**To do:**
Your answer is the lines from the one that has "More Photos Of" through the last line of the records below, retyped exactly and alone.

(Items from a dataset)
Start of Block
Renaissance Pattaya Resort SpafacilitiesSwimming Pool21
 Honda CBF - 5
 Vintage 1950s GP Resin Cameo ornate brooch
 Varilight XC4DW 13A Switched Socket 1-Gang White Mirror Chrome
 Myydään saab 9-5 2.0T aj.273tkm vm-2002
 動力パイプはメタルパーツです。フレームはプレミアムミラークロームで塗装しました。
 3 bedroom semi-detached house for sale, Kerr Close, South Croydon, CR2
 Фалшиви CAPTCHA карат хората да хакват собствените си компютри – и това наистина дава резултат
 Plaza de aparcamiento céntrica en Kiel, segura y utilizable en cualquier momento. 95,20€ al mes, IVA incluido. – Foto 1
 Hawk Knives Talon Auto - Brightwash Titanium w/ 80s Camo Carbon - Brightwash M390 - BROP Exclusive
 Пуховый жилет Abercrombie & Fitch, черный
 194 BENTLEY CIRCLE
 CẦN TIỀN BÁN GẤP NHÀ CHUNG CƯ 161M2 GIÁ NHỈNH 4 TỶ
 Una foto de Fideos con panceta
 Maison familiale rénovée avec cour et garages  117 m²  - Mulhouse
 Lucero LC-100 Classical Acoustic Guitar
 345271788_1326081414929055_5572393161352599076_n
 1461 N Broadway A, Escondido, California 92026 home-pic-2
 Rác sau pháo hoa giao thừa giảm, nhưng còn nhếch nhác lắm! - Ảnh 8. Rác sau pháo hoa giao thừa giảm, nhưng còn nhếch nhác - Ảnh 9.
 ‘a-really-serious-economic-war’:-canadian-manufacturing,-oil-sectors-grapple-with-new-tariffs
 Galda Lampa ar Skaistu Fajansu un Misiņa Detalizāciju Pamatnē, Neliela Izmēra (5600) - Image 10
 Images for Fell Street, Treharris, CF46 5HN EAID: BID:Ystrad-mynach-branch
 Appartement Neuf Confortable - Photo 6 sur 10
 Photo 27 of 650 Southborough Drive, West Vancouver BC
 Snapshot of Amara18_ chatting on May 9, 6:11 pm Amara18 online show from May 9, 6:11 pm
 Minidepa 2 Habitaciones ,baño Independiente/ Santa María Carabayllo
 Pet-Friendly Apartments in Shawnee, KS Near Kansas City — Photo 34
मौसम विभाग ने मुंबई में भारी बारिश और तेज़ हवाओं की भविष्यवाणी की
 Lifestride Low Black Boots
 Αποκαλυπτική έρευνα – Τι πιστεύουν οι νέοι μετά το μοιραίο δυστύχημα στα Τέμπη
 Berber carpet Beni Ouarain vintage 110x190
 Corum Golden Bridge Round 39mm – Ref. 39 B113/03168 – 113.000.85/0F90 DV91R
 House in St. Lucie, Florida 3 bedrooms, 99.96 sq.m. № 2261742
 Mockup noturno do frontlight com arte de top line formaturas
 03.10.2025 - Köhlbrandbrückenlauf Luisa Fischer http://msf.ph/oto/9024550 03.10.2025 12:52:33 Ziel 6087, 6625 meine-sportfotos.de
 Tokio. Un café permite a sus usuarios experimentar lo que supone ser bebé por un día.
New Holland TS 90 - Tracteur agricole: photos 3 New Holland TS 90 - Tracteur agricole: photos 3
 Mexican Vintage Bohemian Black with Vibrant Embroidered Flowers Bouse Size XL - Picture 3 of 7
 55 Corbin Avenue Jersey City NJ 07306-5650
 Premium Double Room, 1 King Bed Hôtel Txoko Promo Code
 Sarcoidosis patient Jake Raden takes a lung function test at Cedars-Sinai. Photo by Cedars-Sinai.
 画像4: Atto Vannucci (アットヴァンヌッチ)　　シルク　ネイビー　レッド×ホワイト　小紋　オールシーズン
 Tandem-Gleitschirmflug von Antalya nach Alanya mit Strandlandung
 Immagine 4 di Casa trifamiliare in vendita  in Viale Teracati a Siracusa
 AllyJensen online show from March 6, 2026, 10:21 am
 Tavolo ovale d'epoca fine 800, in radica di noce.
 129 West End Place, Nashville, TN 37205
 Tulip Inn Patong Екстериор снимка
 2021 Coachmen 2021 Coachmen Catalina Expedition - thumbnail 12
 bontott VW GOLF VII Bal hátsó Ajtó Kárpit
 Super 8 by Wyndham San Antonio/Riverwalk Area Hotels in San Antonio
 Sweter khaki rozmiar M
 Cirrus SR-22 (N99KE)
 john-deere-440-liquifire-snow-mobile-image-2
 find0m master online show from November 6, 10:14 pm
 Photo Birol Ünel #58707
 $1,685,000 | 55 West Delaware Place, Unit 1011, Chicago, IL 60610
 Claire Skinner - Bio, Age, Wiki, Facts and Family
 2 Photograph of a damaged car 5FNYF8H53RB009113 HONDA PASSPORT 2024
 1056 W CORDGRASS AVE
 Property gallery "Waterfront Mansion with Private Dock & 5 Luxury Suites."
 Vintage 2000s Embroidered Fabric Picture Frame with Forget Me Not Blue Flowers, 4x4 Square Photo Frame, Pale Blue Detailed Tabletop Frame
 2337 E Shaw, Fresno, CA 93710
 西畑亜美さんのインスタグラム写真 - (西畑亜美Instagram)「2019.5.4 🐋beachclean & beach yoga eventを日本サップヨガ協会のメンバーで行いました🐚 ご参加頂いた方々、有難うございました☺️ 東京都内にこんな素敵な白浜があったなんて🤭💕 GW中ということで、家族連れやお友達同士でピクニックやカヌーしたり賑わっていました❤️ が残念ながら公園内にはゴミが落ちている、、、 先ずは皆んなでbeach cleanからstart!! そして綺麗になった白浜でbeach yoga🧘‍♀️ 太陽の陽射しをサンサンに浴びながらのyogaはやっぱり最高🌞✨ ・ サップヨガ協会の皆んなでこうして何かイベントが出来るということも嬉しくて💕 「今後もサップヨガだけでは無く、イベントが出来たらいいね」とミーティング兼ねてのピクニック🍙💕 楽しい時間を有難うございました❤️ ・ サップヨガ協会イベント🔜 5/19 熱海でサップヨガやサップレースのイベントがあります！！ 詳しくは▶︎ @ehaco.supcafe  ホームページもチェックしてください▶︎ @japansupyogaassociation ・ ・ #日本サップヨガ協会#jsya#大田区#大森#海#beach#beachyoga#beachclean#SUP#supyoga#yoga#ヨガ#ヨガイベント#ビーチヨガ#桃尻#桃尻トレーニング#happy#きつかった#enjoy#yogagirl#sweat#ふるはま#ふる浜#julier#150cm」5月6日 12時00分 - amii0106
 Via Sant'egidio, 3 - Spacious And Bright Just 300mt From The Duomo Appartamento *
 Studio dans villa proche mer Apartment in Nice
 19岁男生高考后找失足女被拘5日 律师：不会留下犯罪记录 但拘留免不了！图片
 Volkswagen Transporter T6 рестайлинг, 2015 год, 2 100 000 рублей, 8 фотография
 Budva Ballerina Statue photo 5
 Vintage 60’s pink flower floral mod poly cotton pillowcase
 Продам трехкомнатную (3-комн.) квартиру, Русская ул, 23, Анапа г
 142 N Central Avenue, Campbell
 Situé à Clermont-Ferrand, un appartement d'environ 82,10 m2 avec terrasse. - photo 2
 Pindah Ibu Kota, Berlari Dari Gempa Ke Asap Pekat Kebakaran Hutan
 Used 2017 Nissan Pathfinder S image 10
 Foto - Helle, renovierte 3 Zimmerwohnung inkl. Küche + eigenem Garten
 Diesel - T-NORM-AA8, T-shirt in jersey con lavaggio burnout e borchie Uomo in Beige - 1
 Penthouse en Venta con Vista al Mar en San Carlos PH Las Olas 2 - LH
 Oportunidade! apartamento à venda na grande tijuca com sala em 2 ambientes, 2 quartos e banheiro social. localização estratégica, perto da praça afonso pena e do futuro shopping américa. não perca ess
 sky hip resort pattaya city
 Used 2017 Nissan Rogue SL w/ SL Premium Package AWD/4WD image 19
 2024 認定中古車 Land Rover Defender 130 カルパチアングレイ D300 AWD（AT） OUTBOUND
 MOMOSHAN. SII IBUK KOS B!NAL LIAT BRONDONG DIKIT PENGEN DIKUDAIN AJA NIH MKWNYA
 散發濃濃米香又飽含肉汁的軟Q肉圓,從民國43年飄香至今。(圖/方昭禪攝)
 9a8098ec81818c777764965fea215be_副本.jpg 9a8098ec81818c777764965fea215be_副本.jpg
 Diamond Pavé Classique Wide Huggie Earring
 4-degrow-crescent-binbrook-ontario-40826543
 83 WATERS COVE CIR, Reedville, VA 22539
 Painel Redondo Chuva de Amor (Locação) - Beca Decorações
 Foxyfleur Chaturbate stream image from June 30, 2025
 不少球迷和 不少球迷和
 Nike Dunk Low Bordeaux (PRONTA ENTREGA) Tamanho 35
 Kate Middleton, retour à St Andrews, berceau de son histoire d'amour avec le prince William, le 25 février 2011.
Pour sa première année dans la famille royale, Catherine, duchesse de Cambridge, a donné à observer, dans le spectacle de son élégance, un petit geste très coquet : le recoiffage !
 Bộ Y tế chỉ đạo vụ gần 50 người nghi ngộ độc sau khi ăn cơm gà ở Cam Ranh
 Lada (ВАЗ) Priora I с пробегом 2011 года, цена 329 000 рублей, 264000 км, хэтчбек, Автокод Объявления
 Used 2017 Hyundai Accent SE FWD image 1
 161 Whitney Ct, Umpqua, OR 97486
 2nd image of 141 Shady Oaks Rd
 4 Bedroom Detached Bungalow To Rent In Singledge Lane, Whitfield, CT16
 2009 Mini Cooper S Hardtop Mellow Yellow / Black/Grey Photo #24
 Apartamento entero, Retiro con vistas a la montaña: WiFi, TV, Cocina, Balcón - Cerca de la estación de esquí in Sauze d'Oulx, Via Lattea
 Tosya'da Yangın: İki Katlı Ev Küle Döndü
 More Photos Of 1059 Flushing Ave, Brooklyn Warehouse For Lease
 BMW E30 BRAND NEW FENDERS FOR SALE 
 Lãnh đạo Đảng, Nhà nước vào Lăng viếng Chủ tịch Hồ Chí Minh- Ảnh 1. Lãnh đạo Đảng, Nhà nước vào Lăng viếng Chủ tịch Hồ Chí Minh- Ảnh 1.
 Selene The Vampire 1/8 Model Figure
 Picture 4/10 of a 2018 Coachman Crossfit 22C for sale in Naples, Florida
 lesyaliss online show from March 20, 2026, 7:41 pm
End of Block
**Output:**
 More Photos Of 1059 Flushing Ave, Brooklyn Warehouse For Lease
 BMW E30 BRAND NEW FENDERS FOR SALE 
 Lãnh đạo Đảng, Nhà nước vào Lăng viếng Chủ tịch Hồ Chí Minh- Ảnh 1. Lãnh đạo Đảng, Nhà nước vào Lăng viếng Chủ tịch Hồ Chí Minh- Ảnh 1.
 Selene The Vampire 1/8 Model Figure
 Picture 4/10 of a 2018 Coachman Crossfit 22C for sale in Naples, Florida
 lesyaliss online show from March 20, 2026, 7:41 pm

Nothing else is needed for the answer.